John Gourley: You know what it was? We all originally came from Alaska. The entire band moved down to Portland together and started touring. The thing about growing up in Alaska is, we never knew that jobs in art were even a possibility. We never thought that going to art school was a real thing. Once we got out of there, everybody saw the world and realized that they could be an artist and a musician. So everybody kind of fell into their own thing. Once everybody went their separate ways, it was just about whoever was around, we would take them on tour. Whoever wanted to come out with us. We did tours where there’d be 12 people on stage in the beginning. If people wanted to come and hang, that’s what we were doing.
MC: Drummer Jason (Sechrist) has been in and out of the band over the years––what explains that?
Gourley: With Jason, he’s our drummer. I say that in the sense that he’s got this crazy approach to drums. It’s something that you can’t really replicate. It’s just the way he and I play off each other. When you tour constantly, you get to see a lot of the good sides and bad sides, and not everybody can tour as much as we did. Ultimately that’s the reason so many people have come in and out, because we were doing 300 shows a year in the beginning. Sometimes he just wanted to be back in Portland.

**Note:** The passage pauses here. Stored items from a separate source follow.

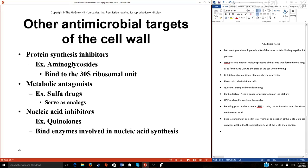Nucleic acid-targeting drugs are probably the most disruptive to the host, because many target DNA synthesis. The enzymes involved in DNA replication in bacterial cells and human cells are very similar — DNA is DNA. If you disrupt bacterial DNA synthesis, you're likely disrupting your own DNA as well, which we call side effects. These drugs are still used, often when bacteria have developed resistance to other treatments, but they require careful use.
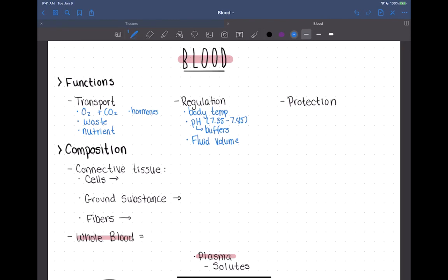Blood also has a protective function. One part of that protection comes from protection against infections — that would be the white blood cells. And also protection from blood loss: blood has the ability to clot, which helps prevent blood loss. We'll learn about clotting and how it works at the end of this chapter.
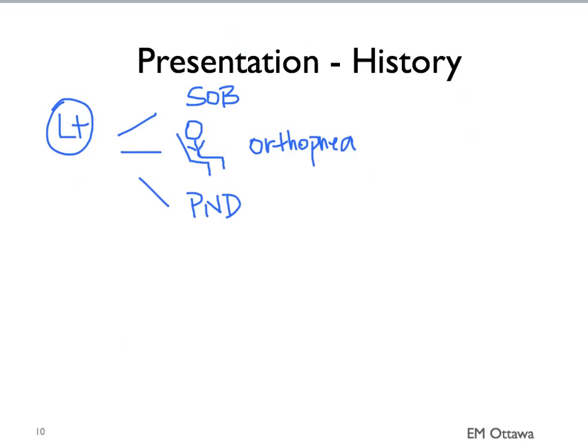Patients may also experience PND, which is paroxysmal nocturnal dyspnea, and decreasing exercise tolerance due to shortness of breath. For example, if a patient was able to walk up one or two flights of stairs normally, but has suddenly decreased that capacity and become dyspneic on walking on level ground or even at rest, knowing that is a good objective measure of their symptoms.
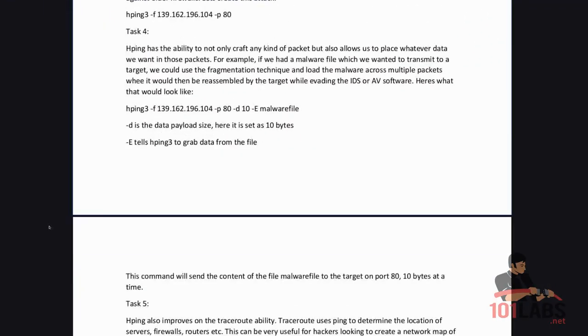HPing has the ability to not only craft any kind of packets but also allows us to place whatever data we want in those packets. For example if we had a malware file which we wanted to transmit to a target we could use the fragmentation technique and load the malware across multiple packets where it would then be reassembled at the target while evading the IDS or antivirus software. Here's what that would look like.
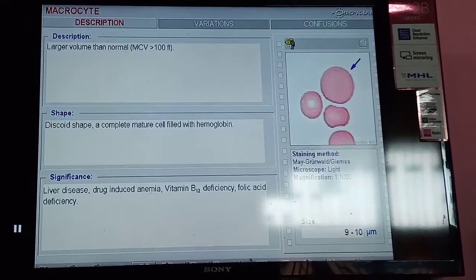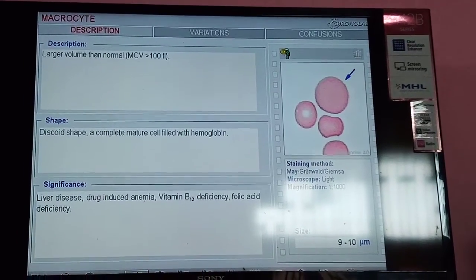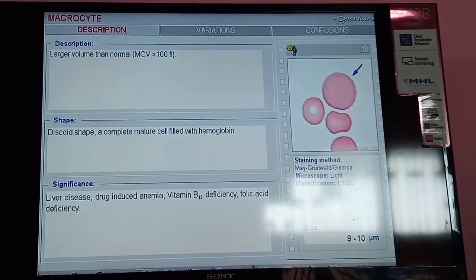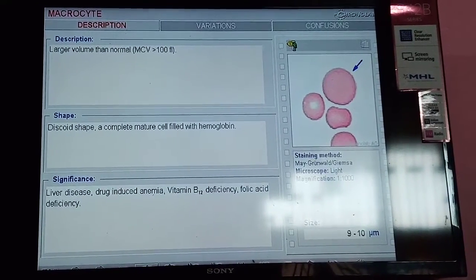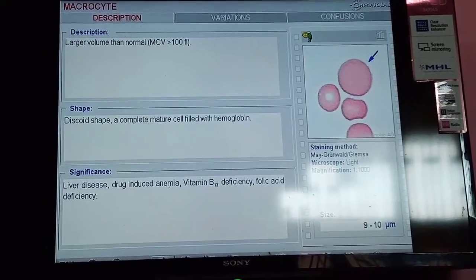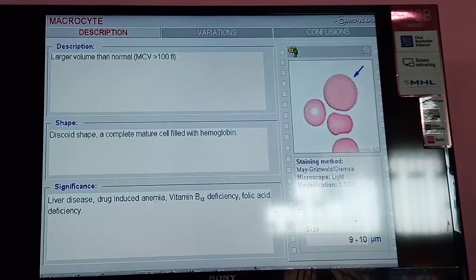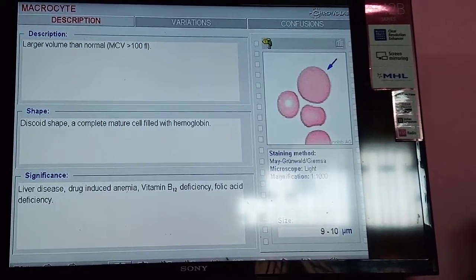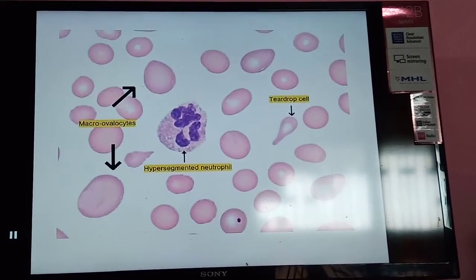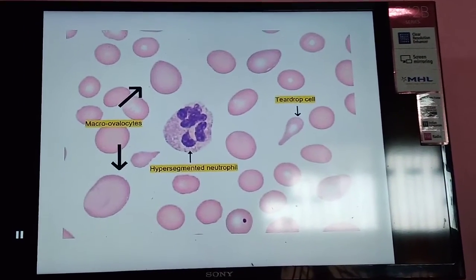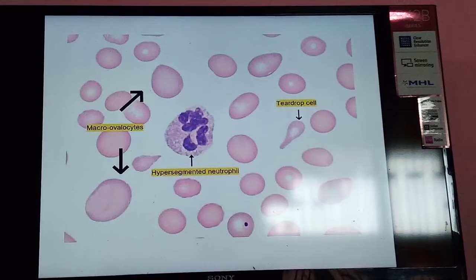In the blood picture of macrocytic anemia, macrocytes have larger volume than normal RBCs, usually MCV more than 100 femtoliters. The RBCs are described as complete mature cells filled with hemoglobin. This pattern is seen in liver disease, drug-induced anemia, and B12 or folic acid deficiency.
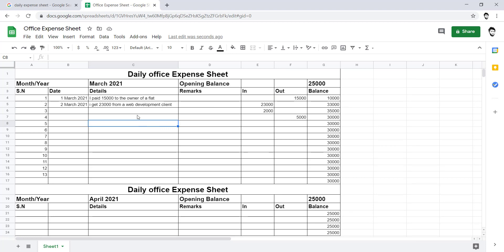That is how you can manage the expense of your office and your IT business. Moreover, you can decrease and increase the cells because cells could be increased according to the business or according to the work. So let's meet in the next tutorial. Have a good day. Bye bye.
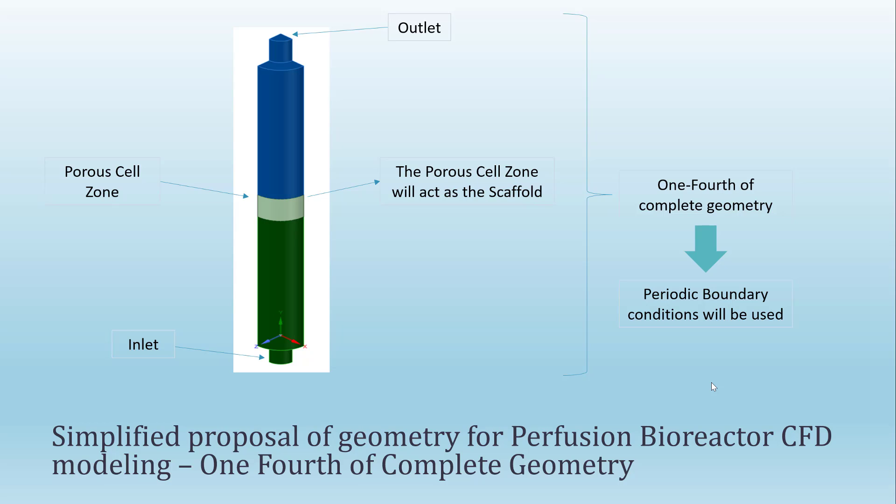For both cases, the same methodology is used. Initially, only the continuous fluid is solved. Once the flow fields are completely solved, the particles will be injected. The particles will represent the cells inside the bioreactor. Right now, I am going to show you how to set up these models using ANSYS Fluent.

The fun thing about being able to cycle out like that, and just the way this group has worked, we always had a spot for Jason. If he wants to stay in Portland, sure. Stay in Portland, hang out for a little bit. We’ll find somebody to fill in while he’s away. We get to play with other drummers from time to time, and just see how other people interpret the music. Jason gets to come to a show from time to time, and experience the show as an audience member. That’s something that you don’t really get to do. He has a unique take on the band and what we do.